WORK INSTRUCTIONS: Transcribe the records below exactly, leaving out any pictures.

THE INPUT:
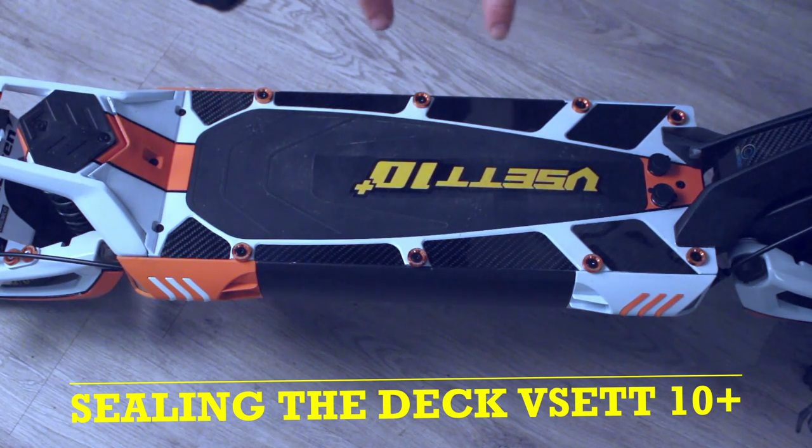In this video we're going to see how we seal up the deck ready for winter. Let's get started and welcome to EMG.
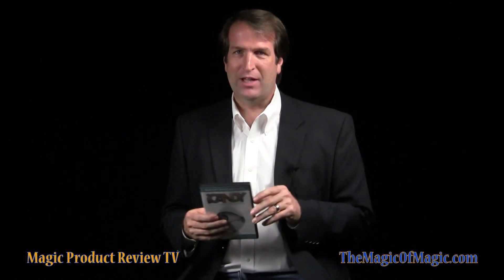Overall, iCandy is good magic, both for you and for who you're performing for. I recommend iCandy.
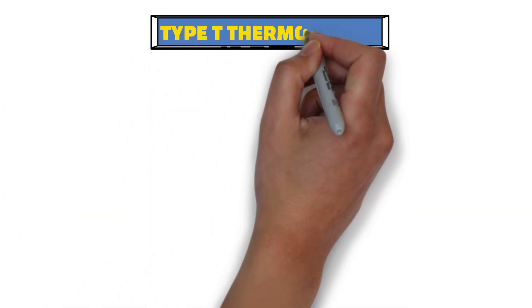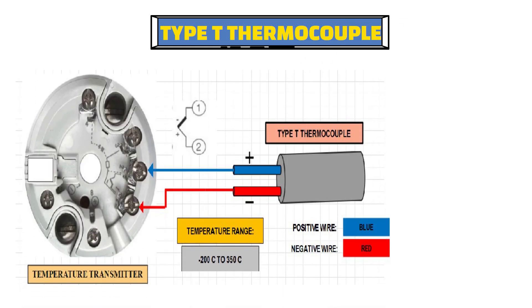Now let's take one more example of a type T thermocouple. In a type T thermocouple, the blue wire is positive and the red wire is negative. So the blue wire will be connected to terminal number 2 of the temperature transmitter, and the red wire will be connected to terminal number 1.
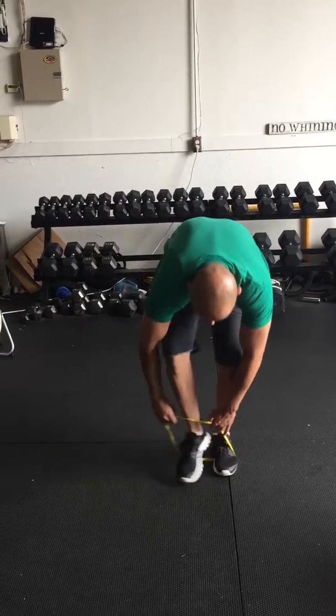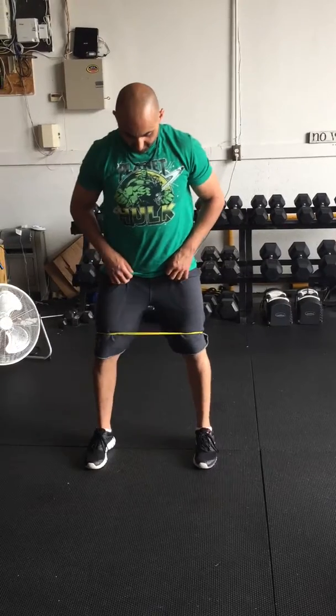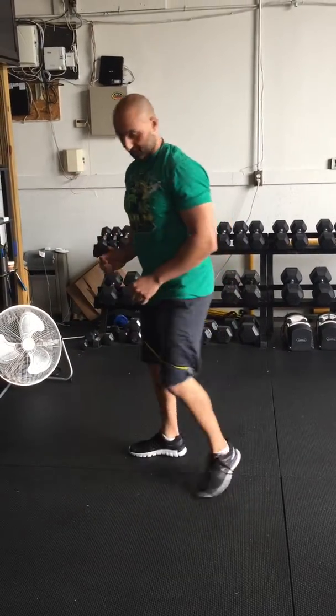Next, take the band and put it around your knees. Get into a bodyweight squat — if you have a dumbbell or kettlebell or something heavy, you can hold it for a goblet squat, or just do a bodyweight squat. Push your knees out and make sure the band is taut, kept straight to the side.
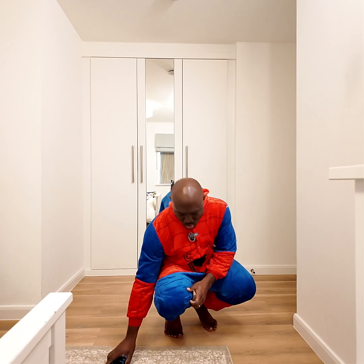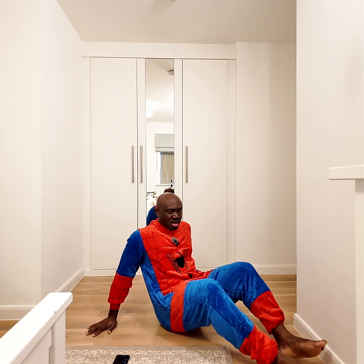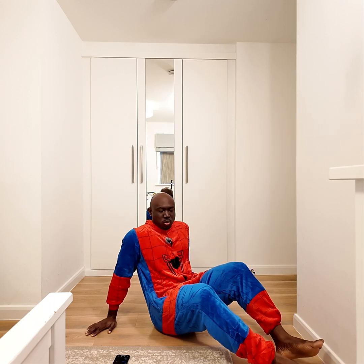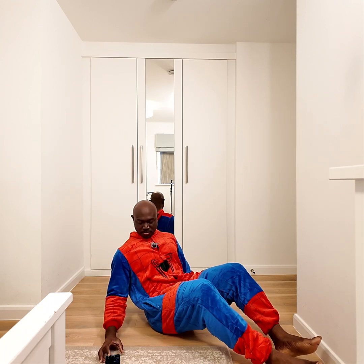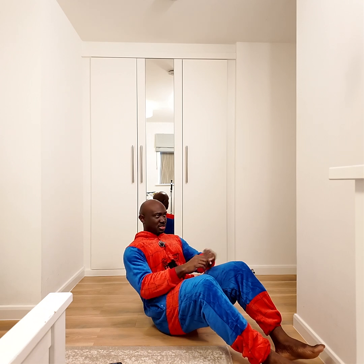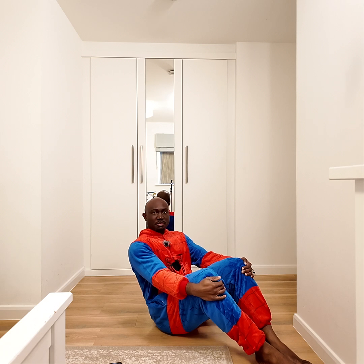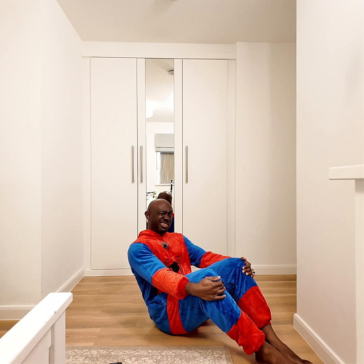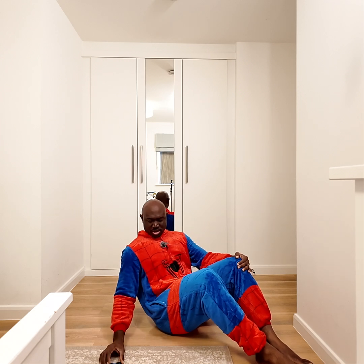The sit-ups — or whatever they are called, the ones where I come up like that — one minute of those. Try to see if I can get up to 30. I feel like reverting to normal sit-ups today. Maybe I'll do half normal sit-ups and the other style half. But let's see how we go.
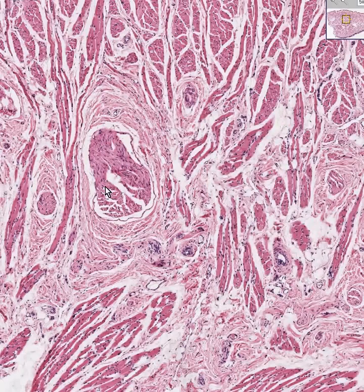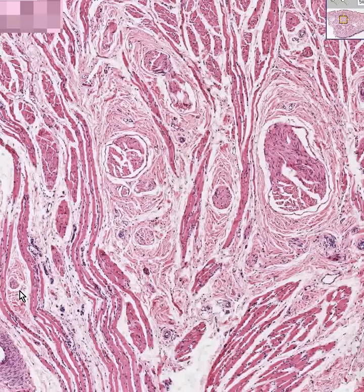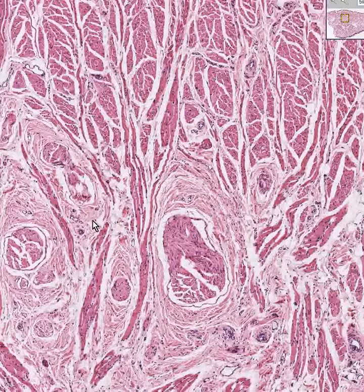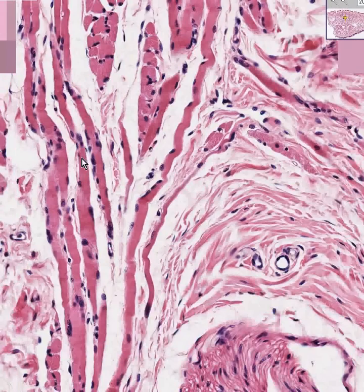There's a nerve, there's a nerve, there's a small artery or arteriole, that looks like a nerve, there's a huge artery cut transversely, probably the same thing here cut a little bit obliquely, and skeletal muscle fibers running every which way. You know they're skeletal muscle because when you look at them, the nuclei are all at the periphery of the fiber and they have little striations as well.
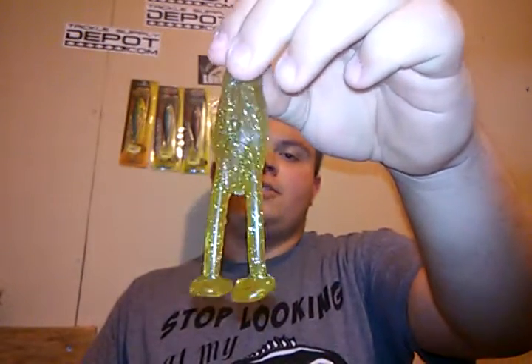Hey everybody, what's going on? So today in this video I'm going to be talking about a brand new bait. You guys know that I have this bait right here — this is the Doxler Company Bullfrog.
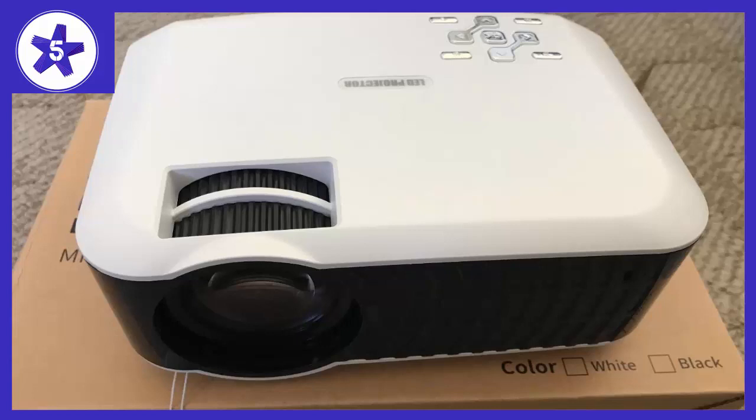I do have to call out that the projector only comes with a power cord but no connecting cable — or maybe my kid misplaced it somewhere — but we easily found an unused cable from other devices in my house. Speaking of that, the projector has multiple cable slots, so it's easier for you to use whatever cables you have at home.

WORKED SOLUTION:
In this video we're going to see how we seal up the deck ready for winter. Let's get started and welcome to EMG.
Overall, iCandy is good magic, both for you and for who you're performing for. I recommend iCandy.
Now let's take one more example of a type T thermocouple. In a type T thermocouple, the blue wire is positive and the red wire is negative. So the blue wire will be connected to terminal number 2 of the temperature transmitter, and the red wire will be connected to terminal number 1.
Next, take the band and put it around your knees. Get into a bodyweight squat — if you have a dumbbell or kettlebell or something heavy, you can hold it for a goblet squat, or just do a bodyweight squat. Push your knees out and make sure the band is taut, kept straight to the side.
The sit-ups — or whatever they are called, the ones where I come up like that — one minute of those. Try to see if I can get up to 30. I feel like reverting to normal sit-ups today. Maybe I'll do half normal sit-ups and the other style half. But let's see how we go.
There's a nerve, there's a nerve, there's a small artery or arteriole, that looks like a nerve, there's a huge artery cut transversely, probably the same thing here cut a little bit obliquely, and skeletal muscle fibers running every which way. You know they're skeletal muscle because when you look at them, the nuclei are all at the periphery of the fiber and they have little striations as well.
Hey everybody, what's going on? So today in this video I'm going to be talking about a brand new bait. You guys know that I have this bait right here — this is the Doxler Company Bullfrog.
I do have to call out that the projector only comes with a power cord but no connecting cable — or maybe my kid misplaced it somewhere — but we easily found an unused cable from other devices in my house. Speaking of that, the projector has multiple cable slots, so it's easier for you to use whatever cables you have at home.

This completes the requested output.